A closer look at the figure above shows that since 2005 the real effective exchange rate has been appreciating but a sharp real appreciation is observed in 2008 mainly due to the appreciation of the nominal value of the RWF against the currencies of major trading partners. The RWF appreciated by 1.9% against the Kenyan shillings, 5.6% versus the Burundi franc, 0.01% against US dollar,7.4% compared to the British Pound and by 13.6% against the South African Rand. On the other hand, the appreciation of the real effective exchange rate in 2008 was due to high inflation in Rwanda during this period compared to prices in the major trading partners. Indeed inflation rate was 22.4% in Rwanda, 16.3% in Kenya, 14.2% in Uganda, 13.5% in Tanzania, 1.6% in Euro Area, 3.1% in United Kingdom and 0.1% in the US. However, we observe moderate REER depreciation since 2012 up to present but RWF remains quite stable as moderate bilateral depreciation against USD, GBP and EURO during this period is insulated by an increase in relative prices given that domestic inflation has increased in relation to foreign inflation and the slowing pace of nominal exchange rate depreciation.
Table 1: EAC currencies depreciation against USD (2008 – 2013)
Year / USD/RWF / USD/KES / USD/UGX / USD/TZS / USD/BIF2008 / 2.64% / 21.98% / 16.50% / 15.37% / -0.04%
2009 / 2.26% / -2.46% / -3.47% / 0.53% / 8.92%
2010 / 4.06% / 6.51% / 21.41% / 10.47% / -0.58%
2011 / 1.63% / 3.66% / 5.75% / 7.88% / 3.94%
2012 / 4.51% / 1.06% / 7.25% / -0.20% / 18.09%
2013 / 6.12% / 0.76% / -4.98% / -0.04% / 1.13%
6 Years Average / 3.54% / 5.25% / 7.08% / 5.67% / 5.24%
Source: BNR, Financial Markets Department
The stability of RWF has been mainly attributed to good performance of external trade coupled with the increased inflows from Budget support. Regarding external trade, the Rwandan export sector continues to register good performance on the account of impressive performance of formal exports whose value stood at USD 573 million in 2013, representing an annual increase of 18.7%, while the volume increased by 6.8%. In the same period, formal imports free on board(FOB) slightly increased by 2.2% in value amounting to USD 2247.4 million and by 4.3% in volume. As a result, the trade deficit reduced from USD 1276.6 million recorded in 2012 to USD 1224.9 million in 2013 and Import cost insurance freight (CIF) cover by exports increased to 25.4% against 22.9% recorded in 2012. Including informal cross border trade, exports covered 30% of imports from 27.7% in 2012.

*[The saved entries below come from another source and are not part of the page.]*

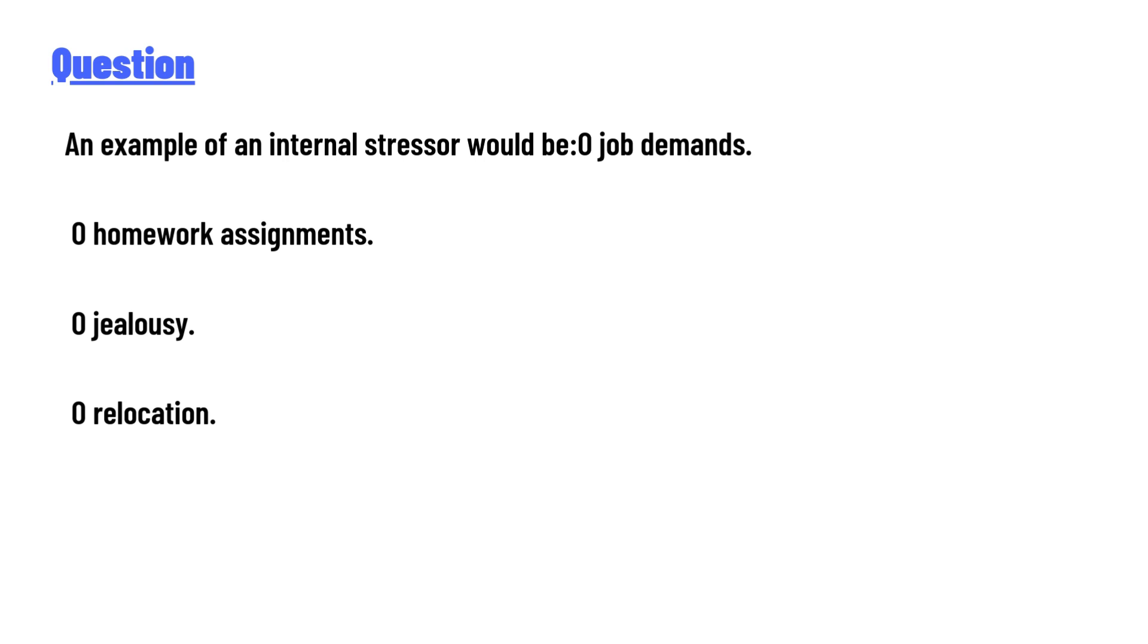...job demands, homework assignments, jealousy, or relocation. The answer to the question is jealousy. So that's the correct answer to the question. If you have any questions, just leave a comment and I'll answer you as soon as I can.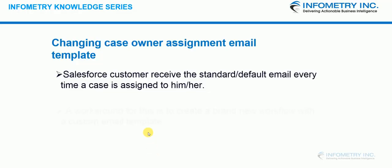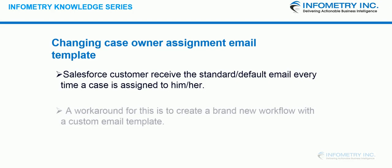Hello everyone. Welcome to Infometry Knowledge Series where we share the best practices to implement unique solutions. I am Anusha and today I will be discussing on how to change the Case Owner Assignment Template.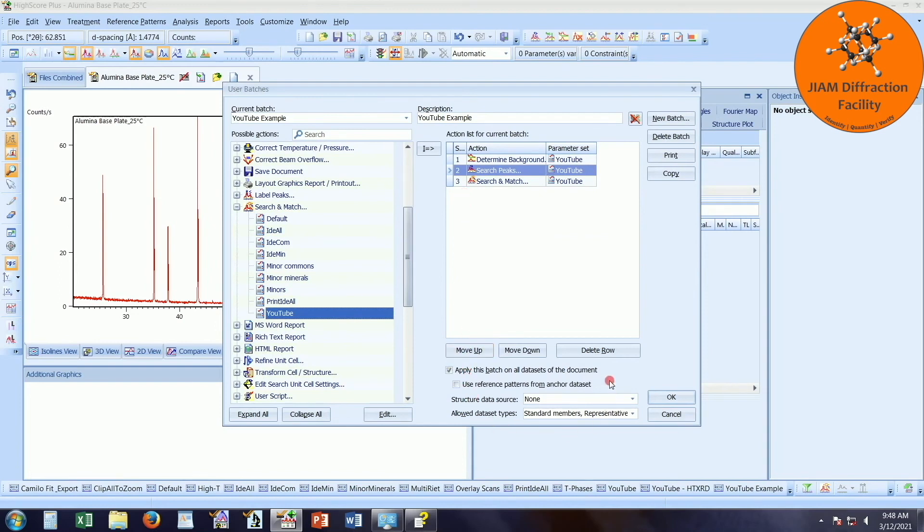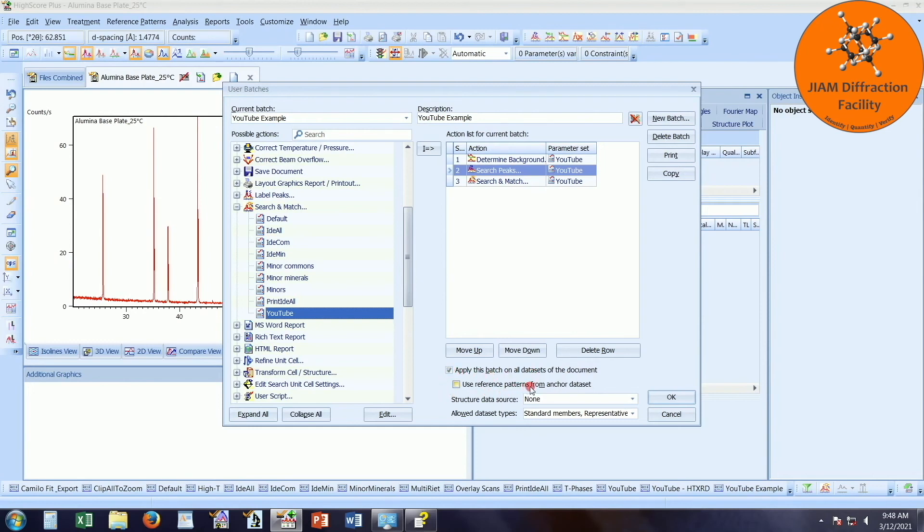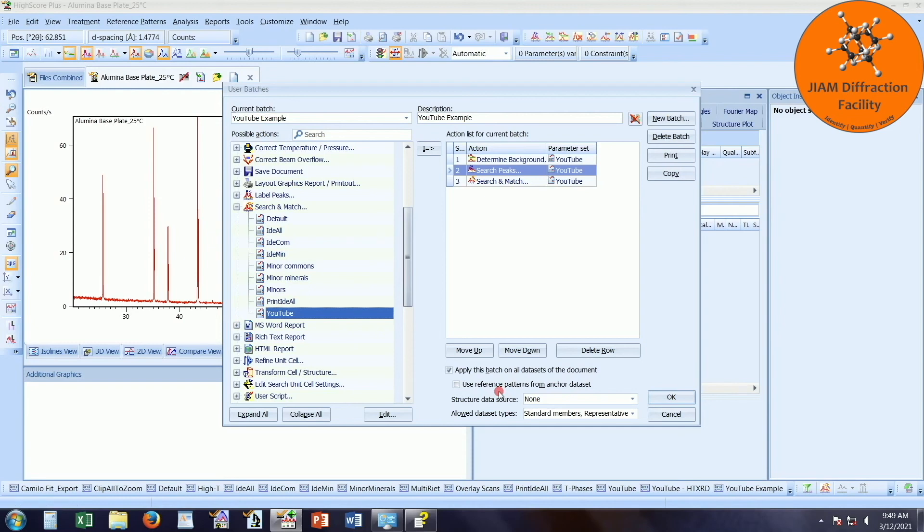A couple more things down here. We have a few options. Apply this batch on all data sets of the document. We want to analyze all of our data sets. So we want to make sure that this is check marked. Use reference patterns from anchor data set. That means that basically if you have that check marked, it will copy all of the reference patterns from the first data set into your other data sets. We don't really want that for this situation because our data sets have different phases. So I'm going to make sure that this is unchecked.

As a consequence, in 2013 the overall balance of payments recovered from a deficit of USD 205.5 million recorded in 2012 to a surplus of USD 223.4 million and the BNR’s intervention on domestic foreign exchange market declined from USD 455 million sold in 2012 to USD 322 sold in 2013. However, during the last two years the Rwandan franc recorded upward trend depreciation due to an increase in imports of goods, especially the capital and intermediate goods to finance the 8.6% and 8.0% GDP growth rate that the country has recorded in 2011 and 2012 respectively.